As far as modern-day immigrant experiences, I can't think of recent movies on the subject, although there must be millions of stories about "illegal" immigration that deserve to be told. Years ago we reviewed a movie called Frozen River that focused on the subject, although it wasn't from the perspective of the immigrant. Do you think any major studio would even take on a project like that, in our current political climate?

Kevin:

Movies about writing, you ask? Pull up a chair! While there are lots of tales featuring writers, I don't think there are all that many that involve the process of writing? A few notable ones come to mind:

Adaptation (2002) -- This Spike Jonze film has quite the backstory. Charlie Kaufman was originally tasked to adapt the novel The Orchid Thief, and then ran into a serious case of writer's block while trying to pen a captivating script about flower poachers. In frustration, Kaufman wrote about the experience -- featuring himself as the main protagonist -- and that's the tale that eventually made it to the big screen. Said Kaufman: "I really thought I was ending my career by turning that in!"

Almost Famous (2000) -- Covered here by yours truly! Essentially, both a love letter to rock critics and a semi-autobiographical tale from director Cameron Crowe, who started his career as a writer for Rolling Stone in the 1970s. I didn't love this one quite as much during my second viewing a few years ago as I did when I originally saw it in the theaters.

The Shining (1980) and Misery (1990) -- Leave it to Stephen King to turn the clack-clack-clack of a typewriter into something macabre. The former film, directed by Stanley Kubrick and considered one of the best King film adaptations, features a writer (Jack Torrance, played by Jack Nicholson) who slowly loses his marbles while churning out page after page in the haunted Overlook Hotel. And when we find out what's on those pages? Yikes. Meanwhile, Misery stars James Caan as an author kidnapped by a maniacal fan (Kathy Bates), who demands that his new novel be to her liking... or else.
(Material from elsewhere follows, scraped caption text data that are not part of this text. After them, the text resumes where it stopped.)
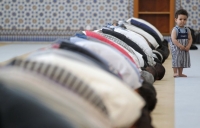 ماه مبارک رمضان و تصویر کودکی در فرانسه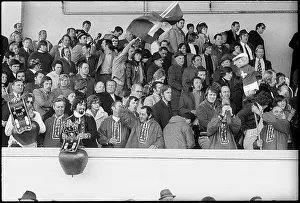 Free Time Prints: Eishockey WM Graz 1973: Schweizer Fans#Ice-hockey WCH Graz 1973: swiss supporters- RDB BY DUKAS
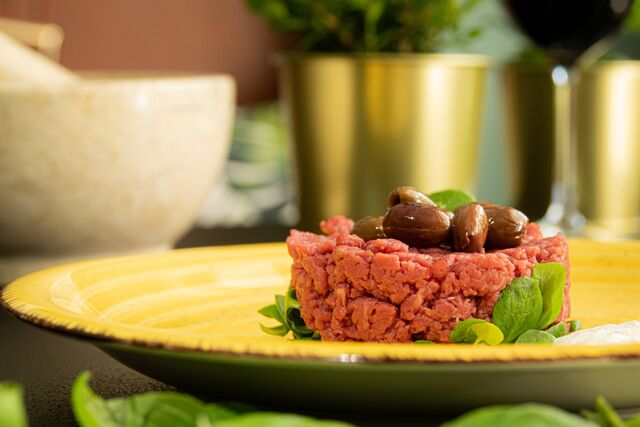 Tartare di manzo con un letto di misticanza.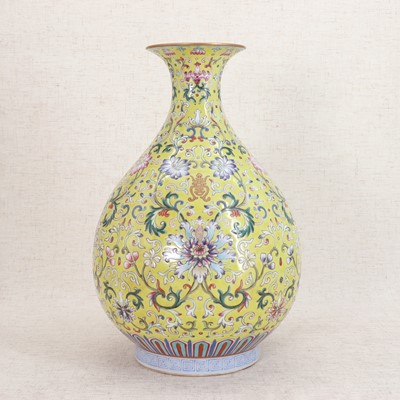 Lot 225 - A Chinese famille rose yuhuchun vase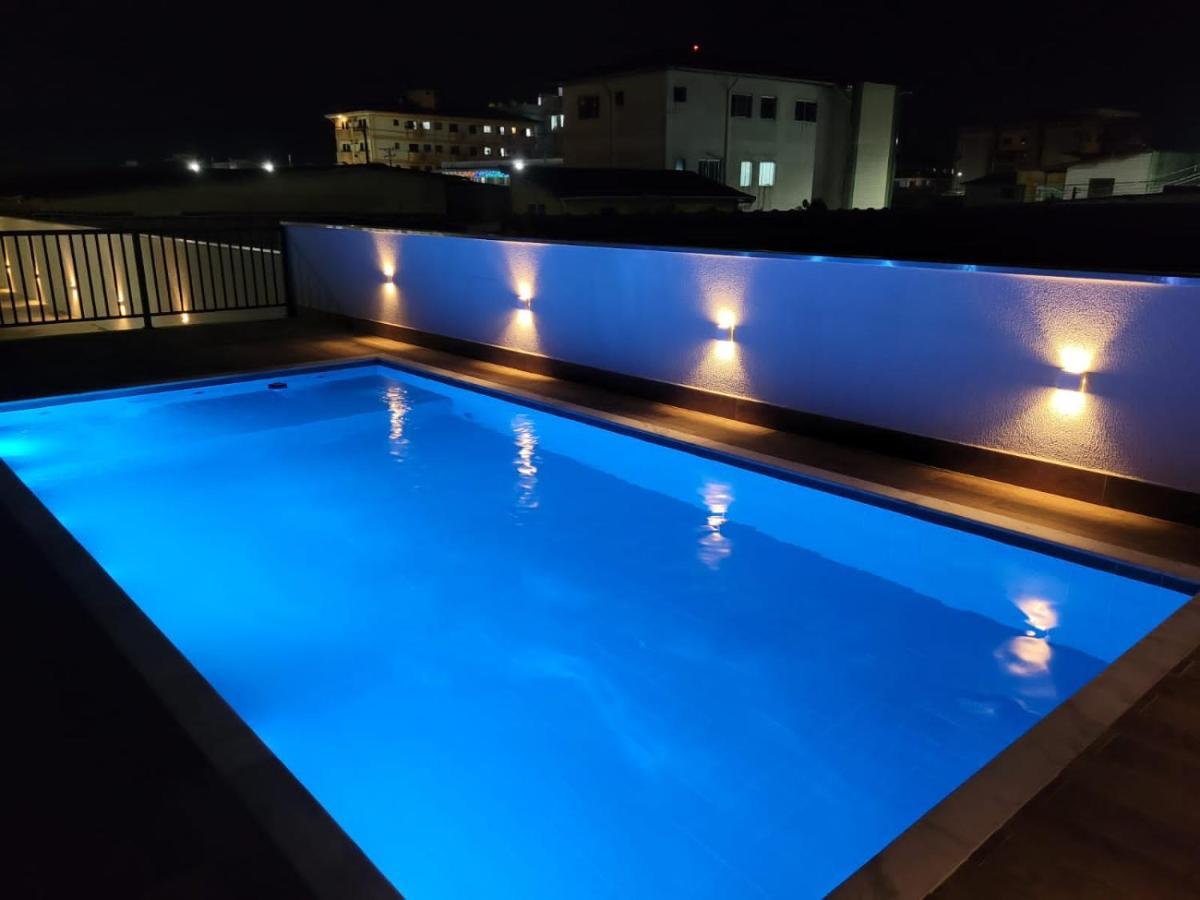 Ferienwohnung Apartamento Com Piscina No Centro Ubatuba Exterior foto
Back to Past Lives -- I wholeheartedly concur with your comments about the current generation's perception of love. Relatedly, here's an interesting snapshot from Pew Research about the decline in the number of people who find "meaning" in life from spouses and romantic partners. And that's just in America. Marriage and birth rates have long been plummeting in other industrialized countries as well, from Japan to the EU.

Hollywood doesn't necessarily need to get as dark as Blue Valentine with regards to modern romance (or the lack thereof), but don't down-to-Earth depictions of marriage and relationships temper unrealistic expectations? One might argue in response, "C'mon, it's a movie! What's wrong with an over-the-top finale?" Of course, the target audience for Past Lives is probably a bit different than the one for, say, Crocodile Dundee*.

[*I mean, jeez, that film ended on a freeze-frame of an embrace! Could that have been done today? Would it seem hopelessly hokey? This is a film that made over $300 million at the box office, so people were quite willing to swallow it up in 1986.]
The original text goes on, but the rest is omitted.